The City of Tacoma Human Rights Commission is holding a Wagetheft Workshop for workers and victims of wagetheft tonight in Tacoma, WA. Wagetheft is a major issue both nationally and here in the Pacific Northwest. Last week’s closing of Paseo in Seattle set off a flurry of media attention and social media on the issue of exploited workers. The Human Rights Commission’s effort to educate the community on wagetheft and the remedies available through the Department of Labor & Industries and private attorneys should be applauded.

“Wagetheft” is an employer’s taking of time from the employee and not appropropriately compensating the worker for that time.
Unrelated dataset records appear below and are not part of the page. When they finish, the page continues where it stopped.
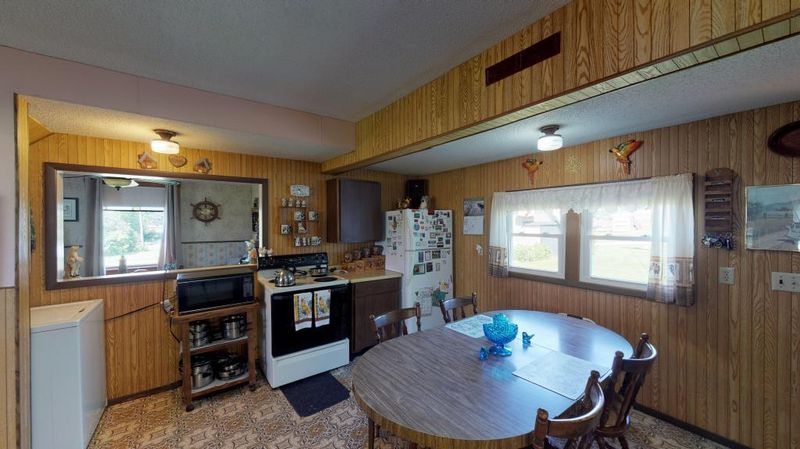 N22705 Bakken Rd, Ettrick, WI 54627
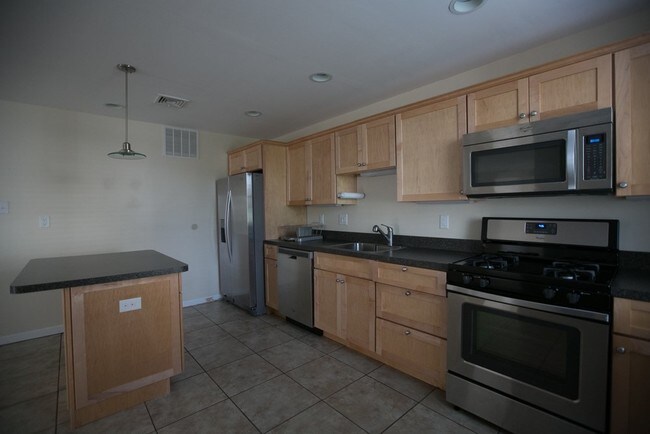 Foto del edificio - 7115 Monmouth Ave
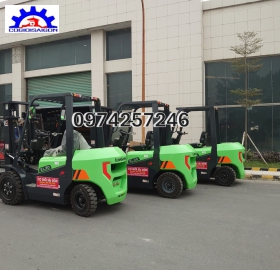 Giá Xe Nâng Điện Bình Lithium 3 Tấn  Tại Tp. HCM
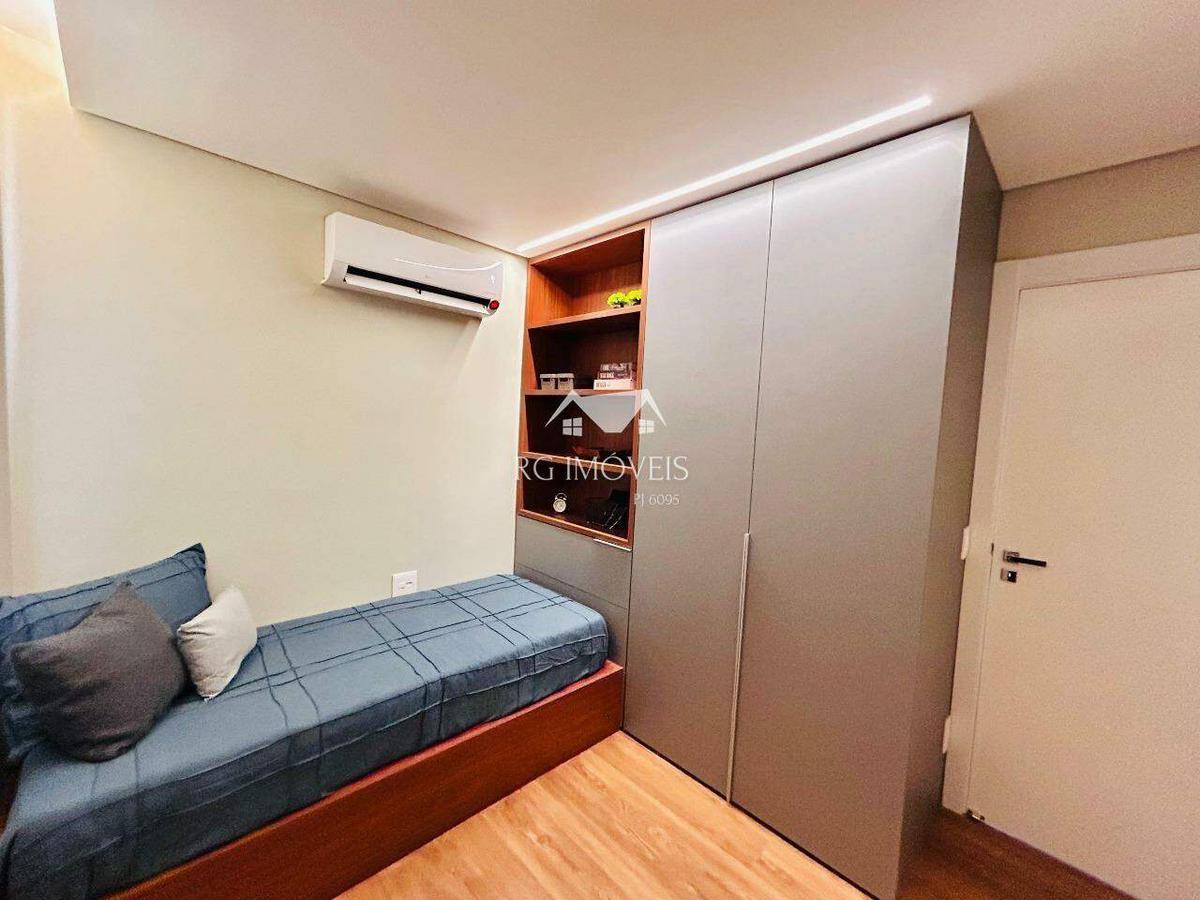 Apartamento, Barreiro, 3 Quartos, 2 Vagas, 1 Suíte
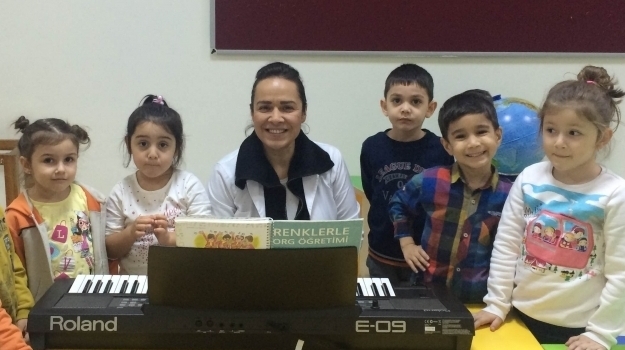 Bahçeşehir B Grubu Öğrencileri Müzik İlgi-Yetenek Etkinliğinde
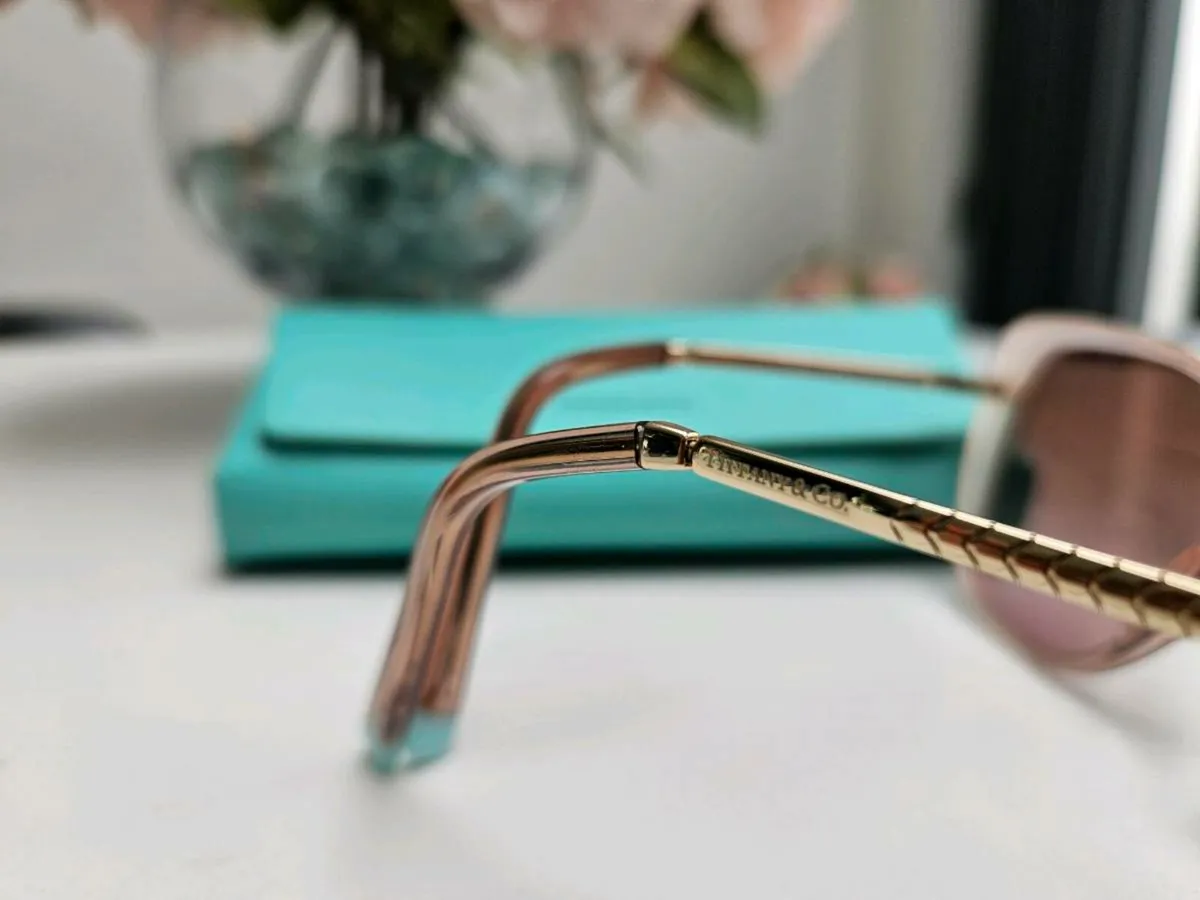 Tiffany &co sunglasses AUTHENTIC - Image 3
Wagetheft violations can include unpaid overtime, denial of rest breaks and meal periods, improper tip sharing, misclassification etc. Wagetheft disproportionately affects low-wage workers who have rights under Washington State Law and the mirroring Federal Labor Standards Act. However, many low-wage workers have unclear immigration status, do not speak English, or are otherwise afraid to complain to their employers. Tacoma’s leading effort to address wagetheft in our community is essential to addressing the needs of working local residents.

For Questions or More Information about the Workshop, Contact:

William Yi, Tacoma Human Rights
wyi@cityoftacoma.org or (253) 591-5162

Paseo, The Workers, and The Sandwich Caught In-Between

Yesterday, hungry customers of beloved Paseo Restaurant in Seattle were met with a simple sign on restaurant doors reading

“Due to unfortunate circumstances, we are closing our doors. We appreciate all the support and loyalty you have shown us over the years. We will miss you. Thank you, The Paseo Crew.”
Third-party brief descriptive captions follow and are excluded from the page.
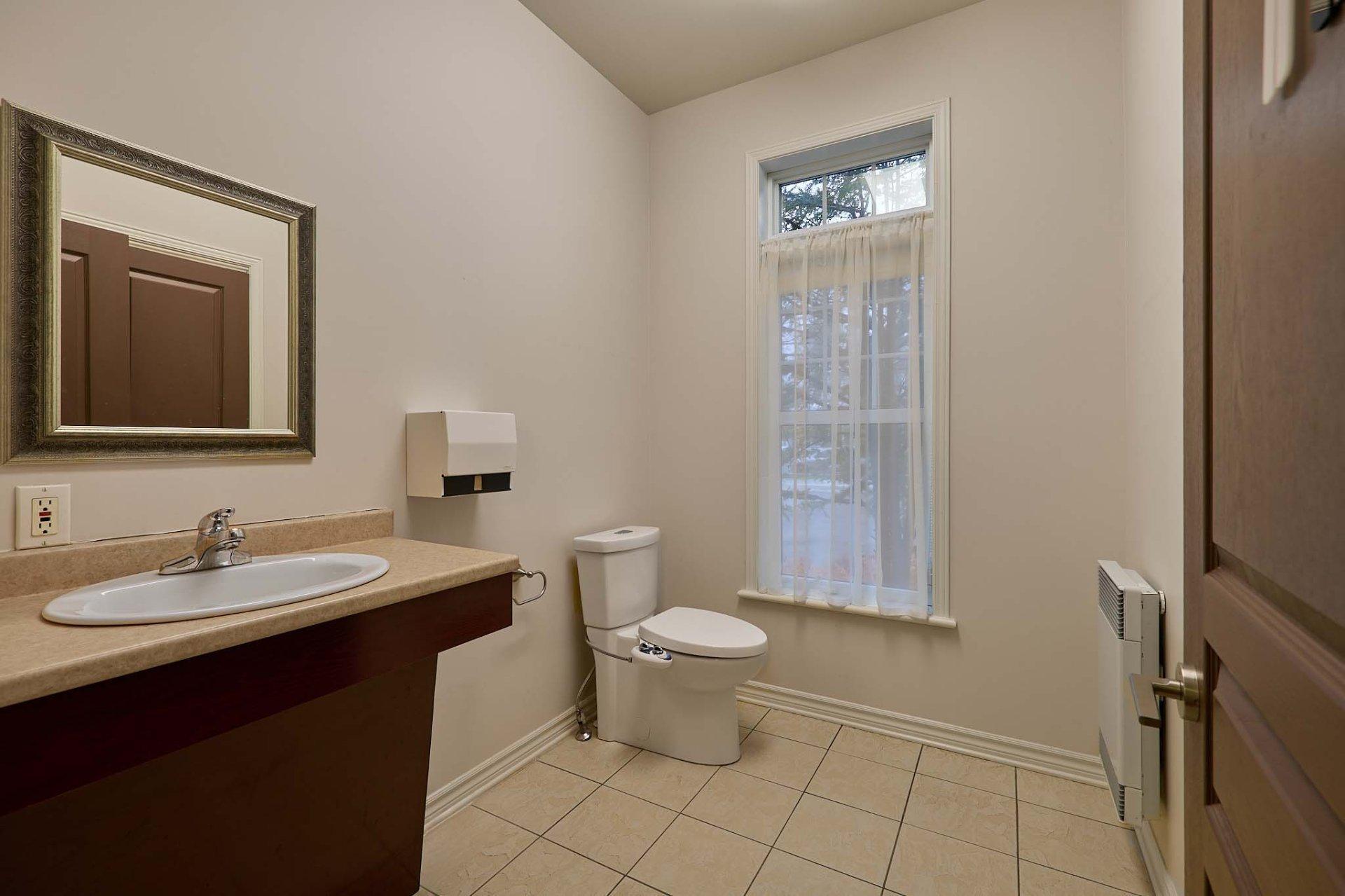 









444


Ch. de la Grande-Côte

, 6,
Rosemère,




QC
J7A1L1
Paseo’s two restaurants in Fremont and Ballard, serving its famous cuban sandwich, have received national acclaim for its cheap eats cuisine and is a favorite among Seattleites.

However, local media, including the Puget Sound Business Journal, The Seattle Times, and The Stranger have reported on the possible reasons for the closing, namely, a lawsuit filed by four Paseo workers for unpaid overtime, rest-break violations, and alleged racial discrimination on September 14, 2014 in King County Superior Court (No. 14-2-24553-0 SEA). The complaint mainly alleges that employees were paid straight time wages for hours worked over 40 hours and not paid the additional 50% premium amounting to time-and-a-half. Non-exempt employees working over 40 hours per week, generally must be paid time-and-a-half their hourly rate under RCW 49.46.130.

As an attorney who regularly represents employees failing to receive wages and denied rest breaks inconsistent with the Washington Minimum Wage Act, Industrial Welfare Act and Federal Labor Standards Act, the Paseo workers’ claims, if true, are not uncommon in the restaurant industry.[1]

Workers who allege unpaid wages or denied rest breaks may file a claim at the Department of Labor & Industries or hire a private attorney. The "Dept. of L&I" may issue penalties and pressure businesses with threats to their licenses while private attorneys may seek recovery of the wages through the court system. Attorneys generally work on a contingency fee basis or recover attorneys’ fees from the other side if successful. This allows for low-wage workers to seek the services of a private attorney without the expense of hiring a lawyer by the hour.

Seattle has stepped-up efforts to address wage theft concerns by proposing new minimum-wage investigators in the Mayor’s new budget. The City of Tacoma is also making efforts to address wage theft by holding a Wage Theft Workshop for employees on November 20, 2014. For more information about the seminar, visit the City of Tacoma Human Rights Commission.

[1] See As Bad You Think It is, It’s Worse: Wage Theft Comes to America by Les Leopold published in the HUFFINGTON POST on November 11, 2014.